The gravestones we’ve examined are almost impossible to read even though many of them are from the 20th century. It just goes to show you what rain can do. Most are just worn away.

Apparently you can’t buy alcohol at a supermarket until after 10:30 in the morning. We stopped by a big supermarket, Tesco, one morning at 8:30, and couldn’t buy a bottle of wine.

However, you CAN buy strawberries and something we've never seen before, fresh cream, already whipped and ready to go. Below is one of Chuck's favorite dinners. I kid you not.

The crowds in several places really got to us. But, that isn’t anything unique to Ireland. I’m sure it’s packed all over Europe at this time of year.

The highlights for us were The Giant’s Causeway, Connemara, Dingle Peninsula and Kinsale.

Quite frankly, Ireland has lost its charm. There is a sense of commercialism that wasn’t here 20 years ago. It is quite expensive, especially in Dublin. At least some Irish are aware of the danger of this as a deterrent to tourism; and the country is definitely suffering severely from economic contraction—the Celtic tiger has become the Celtic kitten; but, there does not seem to be any coherent plan to extricate themselves; this they have in common with the rest of the world. It is our fault for wanting things to stay the same with the old stone houses and thatched roofs and the quaintness of days long ago.

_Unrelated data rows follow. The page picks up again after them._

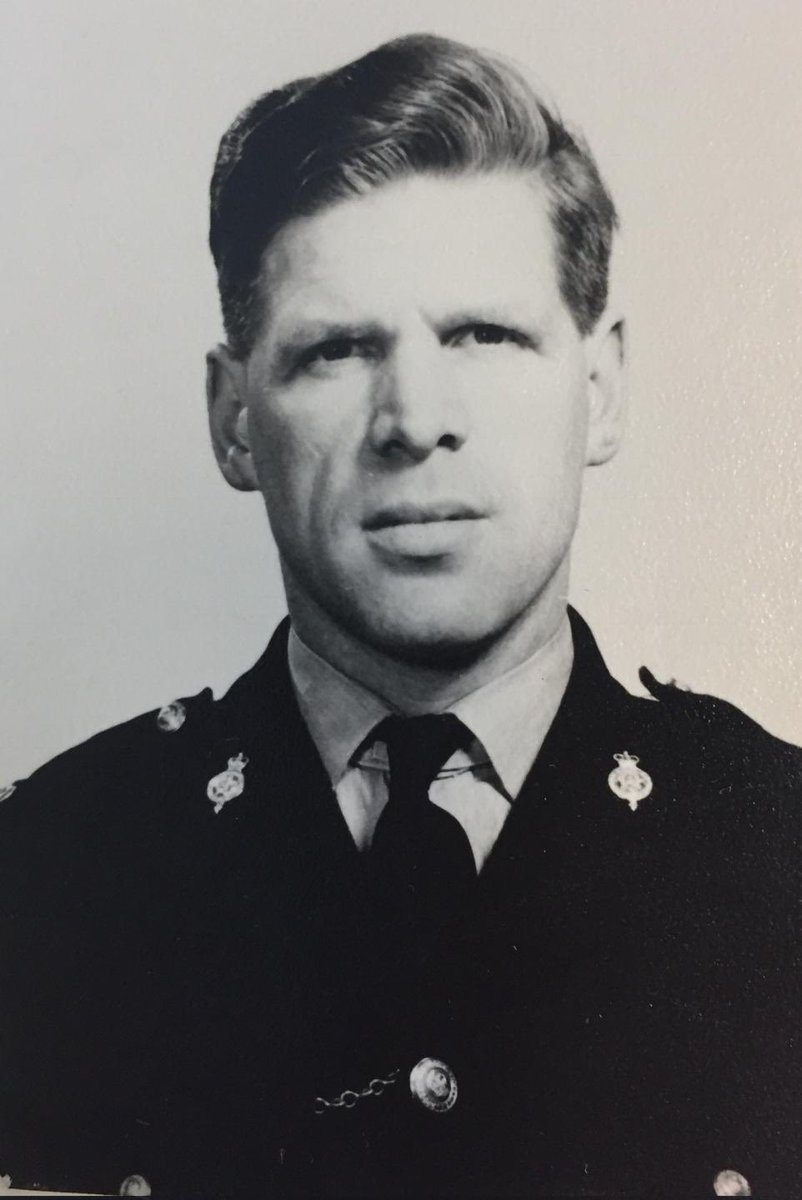 NWPoliceDivers's tweet photo. We’re a very small part of the police family &amp; today we remember one of our own, PC Stanley Moore.

As a police diver, Stanley lost his life whilst searching for 2 missing children at Howley weir on the River Mersey in Warrington in 1969.

He left his wife &amp; 4 children. 🌹 https://t.co/EDwGQye4Gi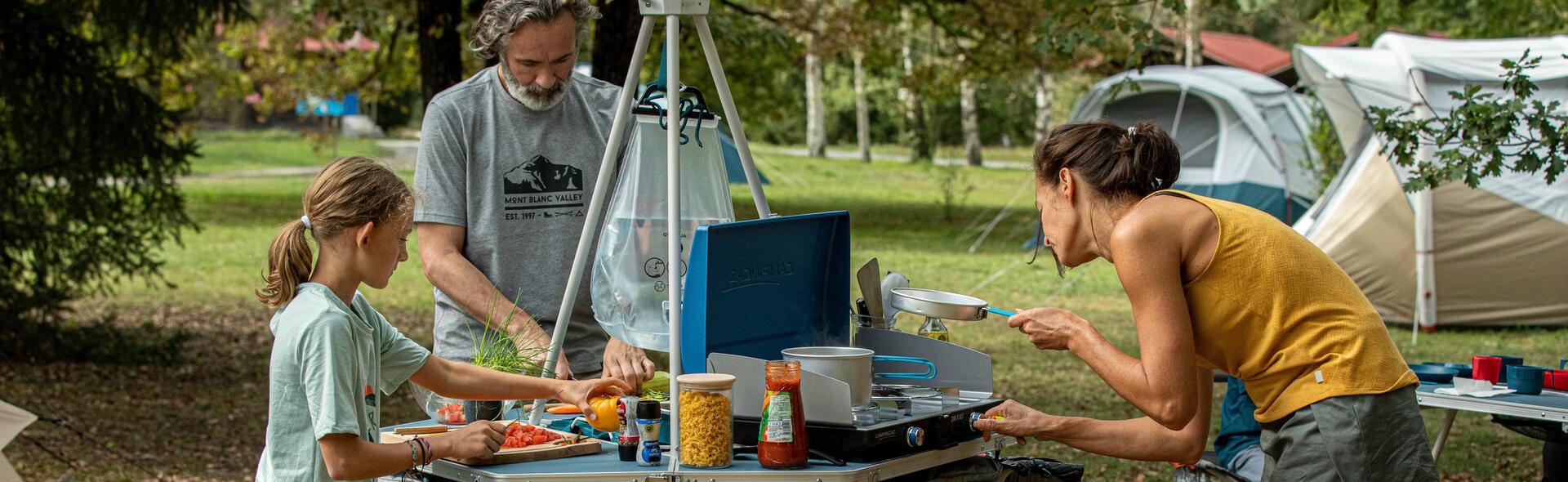 6 tips on how to do the washing up when camping 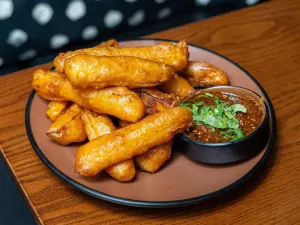 K H A O • S O I - カ オ • ソ ー イ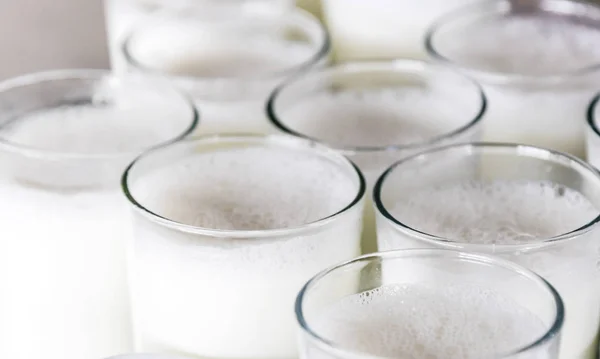 Weicher Schwerpunkt Der Milch Splash Einem Vollen Glas Natürliche Frische — Stockfoto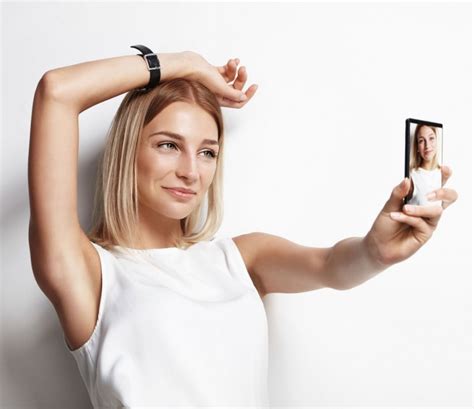 How Selfies Can Hurt Her Self Esteem And Your Sex Life Muscle And Fitness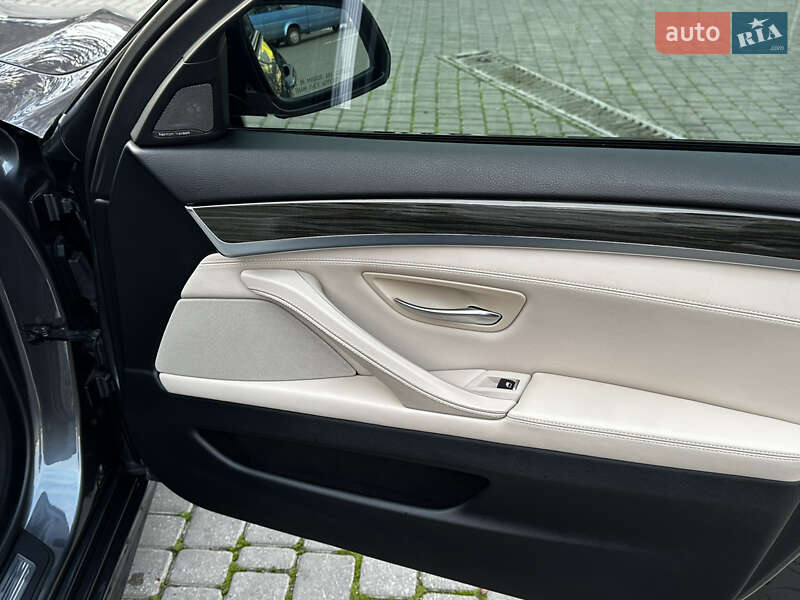 Седан BMW 5 Series 2016 в Одесі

Unfortunately, it all looks like the Americanization of Ireland. This may all be related to an observation by Rick Steves, “Ireland is Europe’s youngest country, with 40 per cent of the population under the age of 25.” Perhaps the younger generation is so focused on improving its material condition they have lost their attachment to their cultural identity and traditions. Yet, at the same time, sections of Ireland are very serious about retaining their Celtic culture.

May the road rise to meet you.
May the wind be always at your back.
May the sun shine warm upon your face.
And rains fall soft upon your fields.
And until we meet again,
May God hold you in the hollow of His hand. ~ Irish blessing

Brú na Bóinne and The Hill of Tara

By Claire
We had a nice, leisurely day off from sightseeing yesterday; so this morning we were happily up and away by 8:10 am, planning to get to Brú na Bóinne the moment it opened to beat the tour buses that Rick Steves warned about. Not only did we beat them, we were the very first group to the sight and we numbered only 12. The groups after us were twice that size.

This famous archaeological site properly known as Brú na Bóinne (dwelling place of the Boyne) is also commonly referred to as "Newgrange" (actually one of the tombs). The very nice and well organized Visitors Center was impressive. We stepped into the doors and a young man came up to us immediately, asking us which place we wanted to see (we decided to visit only one tomb) and told us a tour would be starting at 9:30 and slapped a time sticker on each of us. He pointed the way to buy the tickets, €5, and explained where to go to find the shuttle bus to the site. Our timing was perfect. It's a 10 minute walk to the bus stop and we were off to visit one of two 5,000-year-old passage tombs.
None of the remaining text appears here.